Each record below should be repeated precisely as written.

Records from a dataset
-------------------------
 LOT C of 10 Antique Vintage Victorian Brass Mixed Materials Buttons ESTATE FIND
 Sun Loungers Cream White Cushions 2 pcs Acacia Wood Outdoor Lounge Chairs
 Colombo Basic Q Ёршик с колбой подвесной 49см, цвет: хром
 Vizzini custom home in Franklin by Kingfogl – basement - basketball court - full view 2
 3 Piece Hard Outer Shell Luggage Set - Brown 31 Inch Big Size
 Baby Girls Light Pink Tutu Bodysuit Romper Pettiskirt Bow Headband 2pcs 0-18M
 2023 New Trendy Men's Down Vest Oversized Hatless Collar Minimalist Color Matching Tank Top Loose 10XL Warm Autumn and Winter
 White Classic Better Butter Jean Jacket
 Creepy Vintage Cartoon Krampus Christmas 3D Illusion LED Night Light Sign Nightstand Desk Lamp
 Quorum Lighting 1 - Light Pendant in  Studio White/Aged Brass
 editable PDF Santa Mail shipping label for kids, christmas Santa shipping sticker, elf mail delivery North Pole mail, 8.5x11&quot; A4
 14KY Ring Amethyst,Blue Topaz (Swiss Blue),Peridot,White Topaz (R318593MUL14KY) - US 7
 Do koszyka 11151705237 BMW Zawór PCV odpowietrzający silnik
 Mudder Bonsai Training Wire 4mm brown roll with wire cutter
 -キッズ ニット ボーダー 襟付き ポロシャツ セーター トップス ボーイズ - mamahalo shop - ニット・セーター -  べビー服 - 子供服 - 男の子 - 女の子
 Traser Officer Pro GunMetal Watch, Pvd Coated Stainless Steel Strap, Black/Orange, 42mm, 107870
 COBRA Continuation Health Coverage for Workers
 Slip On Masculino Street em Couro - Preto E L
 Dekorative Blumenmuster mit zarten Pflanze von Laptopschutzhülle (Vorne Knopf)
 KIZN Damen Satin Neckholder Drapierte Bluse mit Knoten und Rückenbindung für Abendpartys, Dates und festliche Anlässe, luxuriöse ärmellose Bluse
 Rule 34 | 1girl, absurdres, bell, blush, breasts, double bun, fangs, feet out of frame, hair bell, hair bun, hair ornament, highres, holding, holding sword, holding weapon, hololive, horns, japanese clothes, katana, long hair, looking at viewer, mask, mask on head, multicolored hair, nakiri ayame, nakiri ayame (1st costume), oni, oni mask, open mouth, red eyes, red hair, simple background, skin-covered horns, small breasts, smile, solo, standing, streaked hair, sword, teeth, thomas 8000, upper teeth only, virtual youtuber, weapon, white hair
-------------------------
**Response for this exercise:**
 LOT C of 10 Antique Vintage Victorian Brass Mixed Materials Buttons ESTATE FIND
 Sun Loungers Cream White Cushions 2 pcs Acacia Wood Outdoor Lounge Chairs
 Colombo Basic Q Ёршик с колбой подвесной 49см, цвет: хром
 Vizzini custom home in Franklin by Kingfogl – basement - basketball court - full view 2
 3 Piece Hard Outer Shell Luggage Set - Brown 31 Inch Big Size
 Baby Girls Light Pink Tutu Bodysuit Romper Pettiskirt Bow Headband 2pcs 0-18M
 2023 New Trendy Men's Down Vest Oversized Hatless Collar Minimalist Color Matching Tank Top Loose 10XL Warm Autumn and Winter
 White Classic Better Butter Jean Jacket
 Creepy Vintage Cartoon Krampus Christmas 3D Illusion LED Night Light Sign Nightstand Desk Lamp
 Quorum Lighting 1 - Light Pendant in  Studio White/Aged Brass
 editable PDF Santa Mail shipping label for kids, christmas Santa shipping sticker, elf mail delivery North Pole mail, 8.5x11&quot; A4
 14KY Ring Amethyst,Blue Topaz (Swiss Blue),Peridot,White Topaz (R318593MUL14KY) - US 7
 Do koszyka 11151705237 BMW Zawór PCV odpowietrzający silnik
 Mudder Bonsai Training Wire 4mm brown roll with wire cutter
 -キッズ ニット ボーダー 襟付き ポロシャツ セーター トップス ボーイズ - mamahalo shop - ニット・セーター -  べビー服 - 子供服 - 男の子 - 女の子
 Traser Officer Pro GunMetal Watch, Pvd Coated Stainless Steel Strap, Black/Orange, 42mm, 107870
 COBRA Continuation Health Coverage for Workers
 Slip On Masculino Street em Couro - Preto E L
 Dekorative Blumenmuster mit zarten Pflanze von Laptopschutzhülle (Vorne Knopf)
 KIZN Damen Satin Neckholder Drapierte Bluse mit Knoten und Rückenbindung für Abendpartys, Dates und festliche Anlässe, luxuriöse ärmellose Bluse
 Rule 34 | 1girl, absurdres, bell, blush, breasts, double bun, fangs, feet out of frame, hair bell, hair bun, hair ornament, highres, holding, holding sword, holding weapon, hololive, horns, japanese clothes, katana, long hair, looking at viewer, mask, mask on head, multicolored hair, nakiri ayame, nakiri ayame (1st costume), oni, oni mask, open mouth, red eyes, red hair, simple background, skin-covered horns, small breasts, smile, solo, standing, streaked hair, sword, teeth, thomas 8000, upper teeth only, virtual youtuber, weapon, white hair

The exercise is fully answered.